Clearly, we would need a *big* table to cope with a busy day in the middle of a school vacation!

A third way we might relate the two quantities (visitors and money) is with a graph. If we plot the money taken in on the **vertical axis** and the number of visitors on the **horizontal axis**, then we would have a graph that looks like the one shown below. Note that this graph shows a smooth line that includes non-whole number values of \begin{align*}x\end{align*} (e.g. \begin{align*}x = 2.5\end{align*}). In real life this would not make sense, because fractions of people can’t visit a park. This is an issue of domain and range, something we will talk about later.

The method we will examine in detail in this lesson is closer to the first way we chose to describe the relationship. In words we said that *“The amount of money taken in is twelve times the number of people who enter the park.”* In mathematical terms we can describe this sort of relationship with **variables**. A variable is a letter used to represent an unknown quantity. We can see the beginning of a mathematical formula in the words:

The amount of money taken in *is* twelve *times* the number of people who enter the park.
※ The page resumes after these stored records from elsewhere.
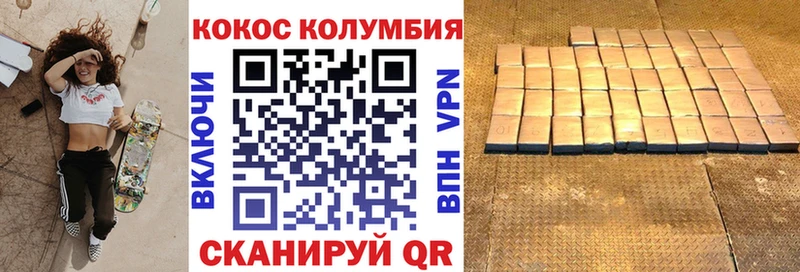 даркнет сайт  Томмот  COCAIN 98% 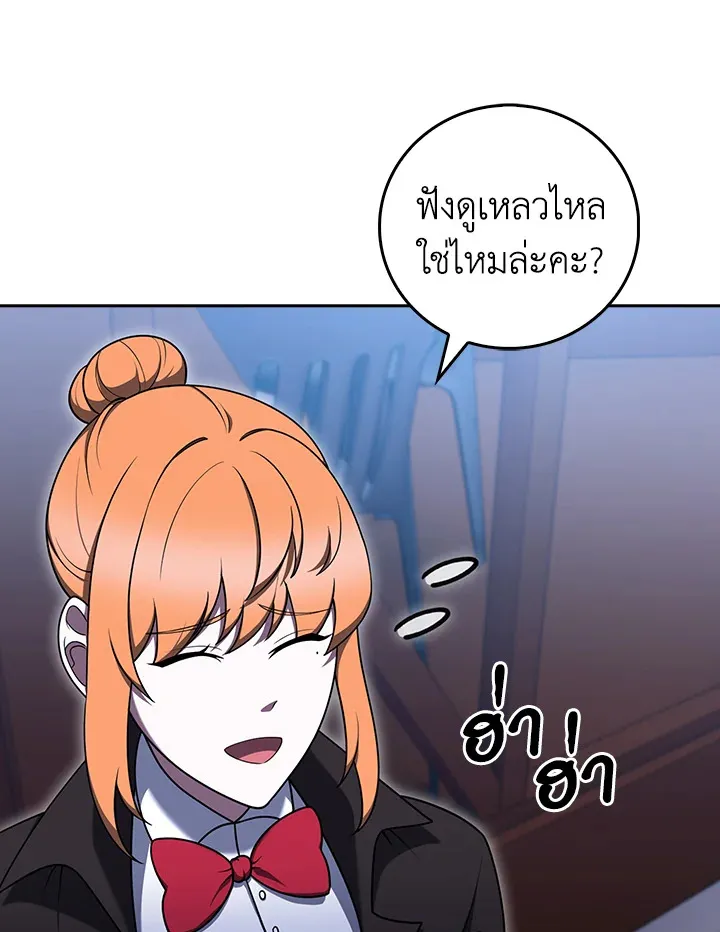 The Delivery Man From Murim ตอนที่ ตอนที่ 69 รูปที่ 73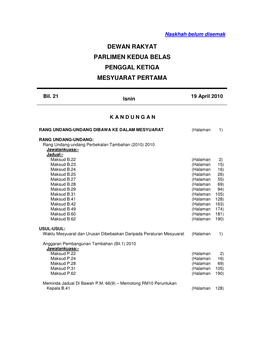 Dewan Rakyat Parlimen Kedua Belas Penggal Ketiga Mesyuarat Pertama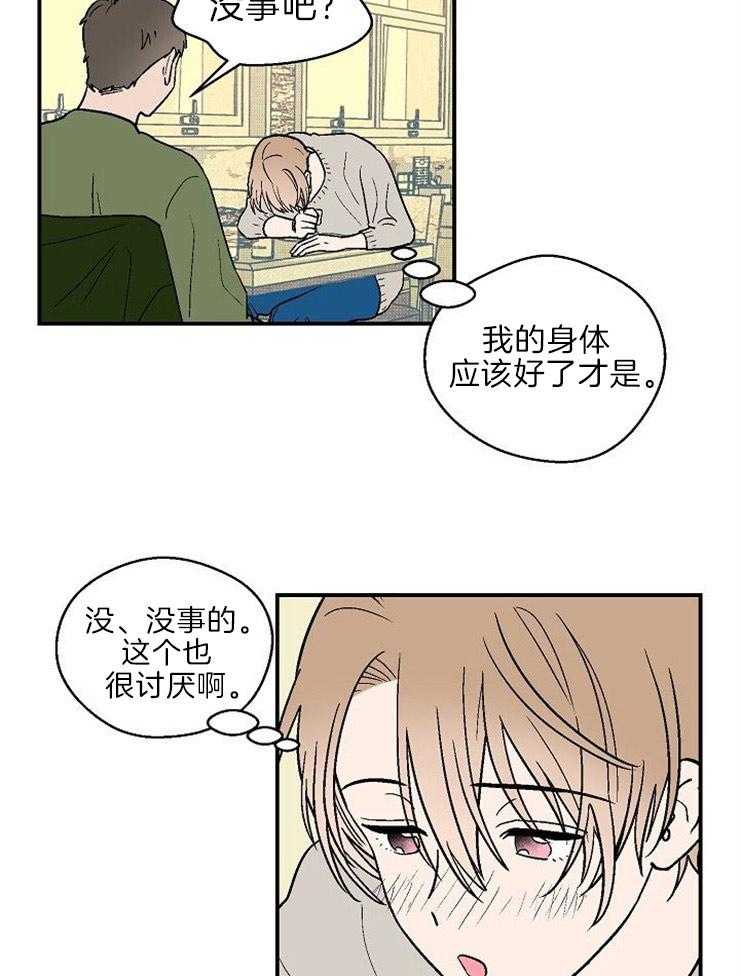 《结婚契约》漫画最新章节第18话 找上我的原因免费下拉式在线观看章节第【14】张图片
This can be translated to:

\begin{align*}\text{The amount of money taken in} = 12 \times (\text{the number of people who enter the park})\end{align*}

We can now see which quantities can be assigned to letters. First we must state which letters (or **variables**) relate to which quantities. We call this **defining the variables**:

Let \begin{align*}x =\end{align*} the number of people who enter the theme park.

Let \begin{align*}y =\end{align*} the total amount of money taken in at the ticket office.

We now have a fourth way to describe the relationship: with an algebraic equation.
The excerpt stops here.